ほめることによって人を励ましなさい
行動が必要なとき,ことばはあまり価値がありません。(ヤコブ 2:15,16。ヨハネ第一 3:17,18)だからといって,よいことばは無用だと結論するのはまちがいです。それどころか,よいことばが必要に即している場合もあるのです。霊感による箴言もそのことを示しています。「おりにかなって語る言葉は,銀の彫り物に金のりんごをはめたようだ」― 箴言 25:11。
5人の子どもをもつある働き者の母親の経験は,よいことばを語ることの価値を示す例です。母親は骨身惜しまず働き,家や家族の着る物をいつも清潔に,そしてきちんとととのえておきました。そのうえいつもよい食事を作りました。しかしその家族は,母親が家をととのえ,毎日おいしい食事をこしらえることに対する感謝を,ことばで表わそうとしたことがあったでしょうか。いいえ,ありません。母親がそのことにふれたとき,家族の者は,「お母さん,ぼくらが不平を言わないかぎり,なにもかも申しぶんない,ということぐらいわかっているでしょう」と言いました。
こうした家庭は決して少なくありません。しかしなんと思いやりがなく,浅はかで,愛のないことでしょう。人生には,人の心を弱め,気落ちさせる事柄がたくさんあります。「時と災難はすべての人に臨」みます。わたしたちは,自分ではほとんどどうにもならない事柄の犠牲となることがあります。(伝道 9:11)失望や失敗があると消極的になりがちです。時にかなったほめことばがどんなにありがたいかわかりません。ですから,弱点や欠点ばかりを取りあげるかわりに,ほめる機会をさがすのはよいことです。
クリスチャン使徒パウロは,こうした点においてほんとうによい模範を残しました。各地にあった当時のクリスチャン会衆に手紙を書くにさいし,与えなければならない助言がたくさんありました。それでも彼は,ほとんどいつも,励みとなるほめことばで手紙を書きだしています。たとえば,ローマのクリスチャンたちにはこう書いています。「まず第一に,わたしは,あなたがたの信仰が全世界に言い伝えられていることを,イエス・キリストによって,あなたがた一同のために,わたしの神に感謝する」。(ローマ 1:8)ピリピのクリスチャンに対しても同じくつぎのように書きました。「わたしはあなたがたを思うたびごとに,わたしの神に感謝しあなたがたが最初の日から今日に至るまで,福音にあずかっていることを感謝している」。(ピリピ 1:3,5)また,テサロニケのクリスチャンにあてた最初の手紙の中で,パウロは,現在その1章となっているところ全部を,彼らの信仰と忍耐と熱意をほめることにあてています。使徒ヨハネも同様に,やさしい思いやりを示しました。ある人々つまり「選ばれた婦人」とガイオに手紙を書いたとき,彼はほめことばで書きはじめました。―ヨハネ第二 1,4。ヨハネ第三 3,4。

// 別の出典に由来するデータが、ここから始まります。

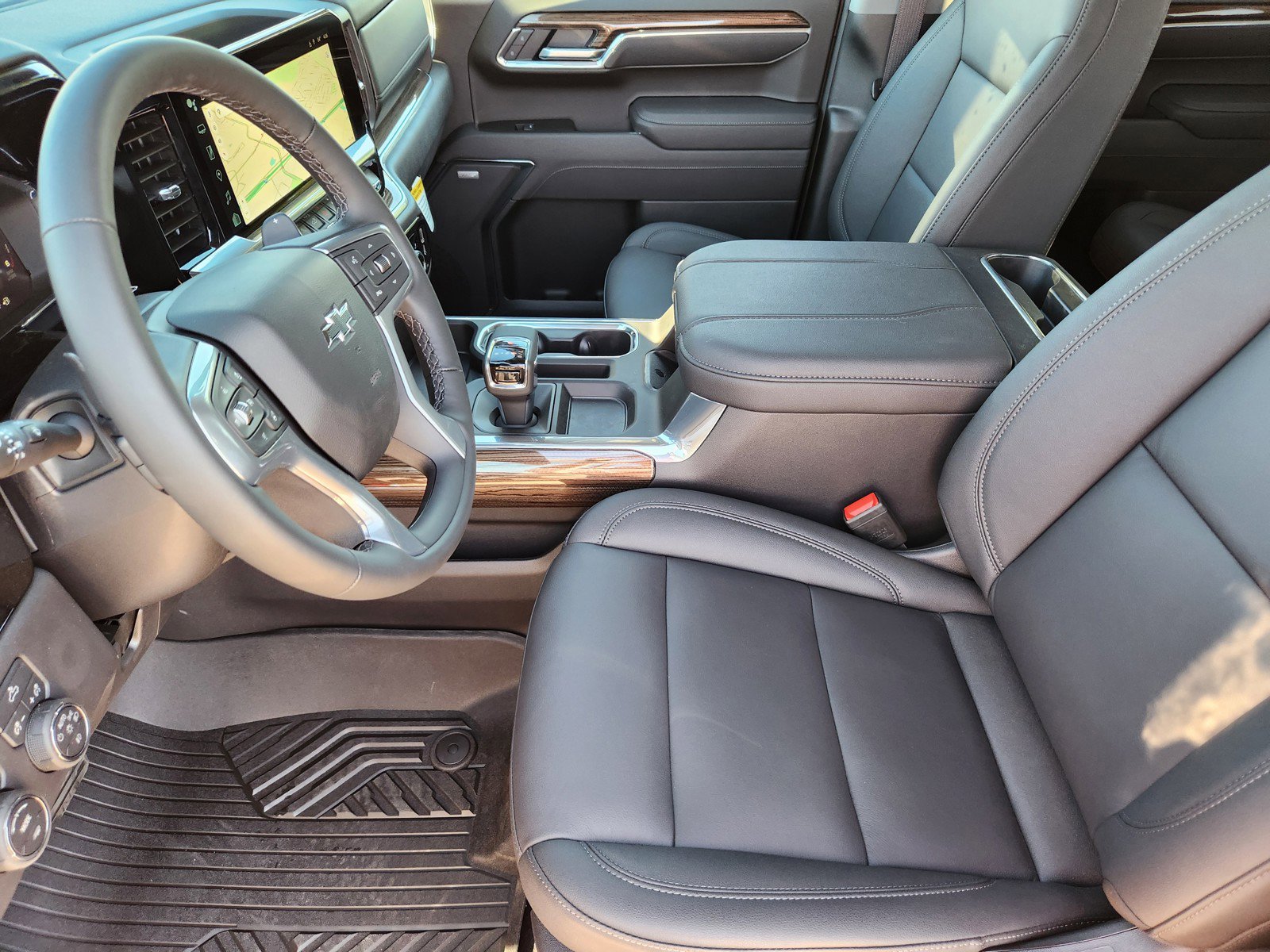 New 2026 Chevrolet Silverado 1500 LT Trail Boss w/ Convenience Package II image 9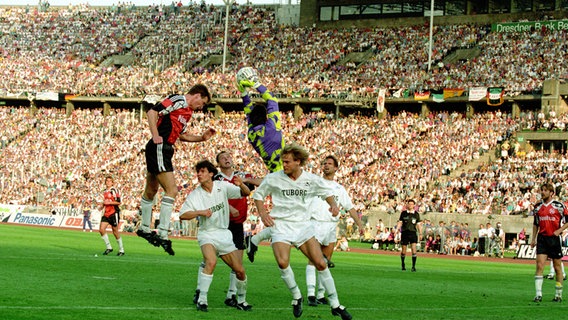Spielszene des Pokalfinales 1992 zwischen Hannover 96 und Borussia M'Gladbach © imago sportfotodienst 
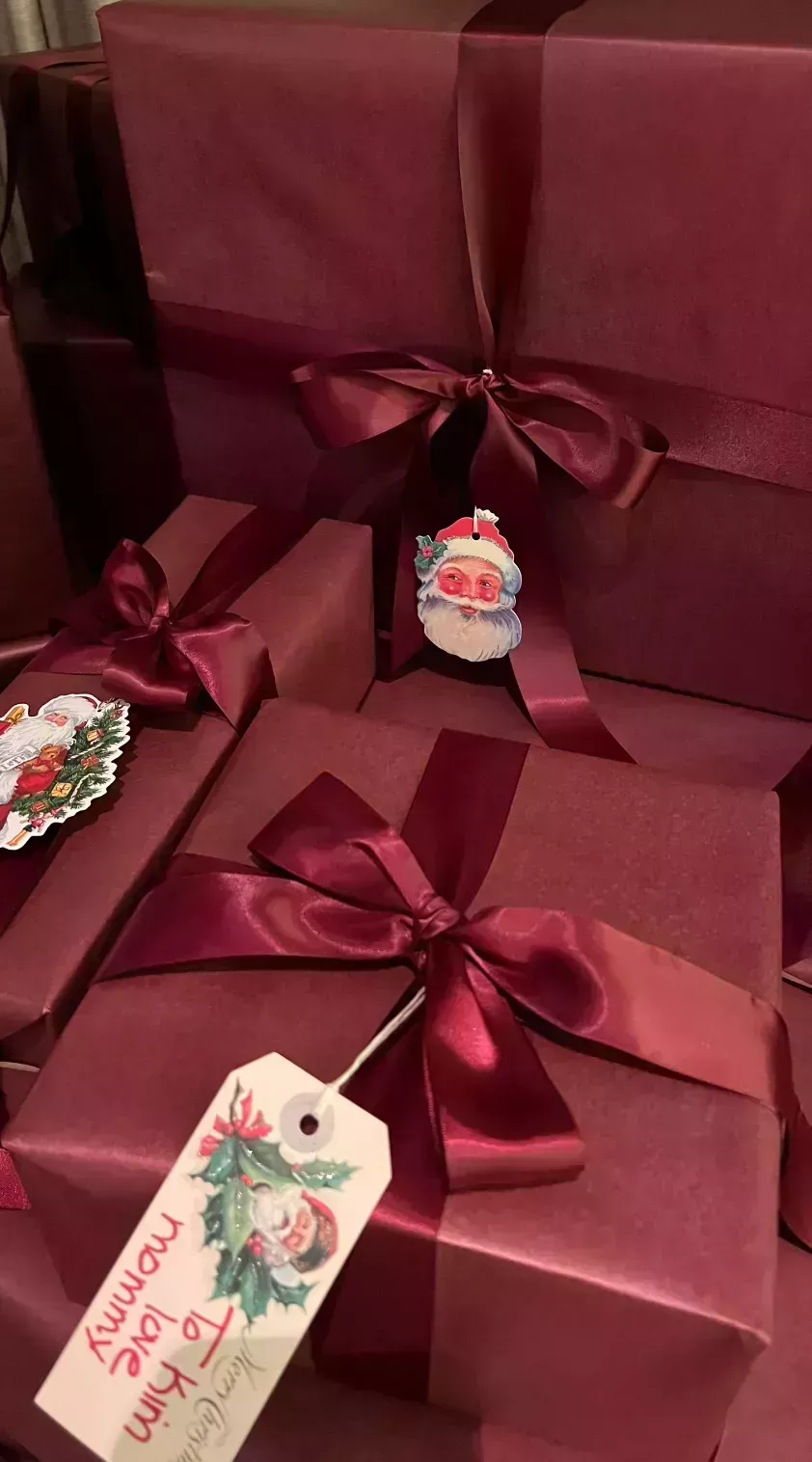 kris jenner christmas wrapping paper 2021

すべての人がこの点で使徒パウロやヨハネを見習えます。あなたは雇い主ですか。あるいは職場の責任者ですか。特別な事情の時に特別の努力をするなどして,従業員が仕事に精を出し,良心的に働く場合,あなたはそれをほめて励まそうと考えますか。それともあなたは従業員で,雇い主または職場の責任者から,ふつう以上に理解と思いやりを示されていますか。もしそうなら,その事に対する感謝を表わしたことがありますか。またお子さんをお持ちなら,子どもが他の子どもの利己的でわがままな行ないに誘われることなく,勉強の面でも行動の面でも学校で良い報告を得,良い子であることを示すとき,ことばを惜しまずにほめて子供を励ましますか。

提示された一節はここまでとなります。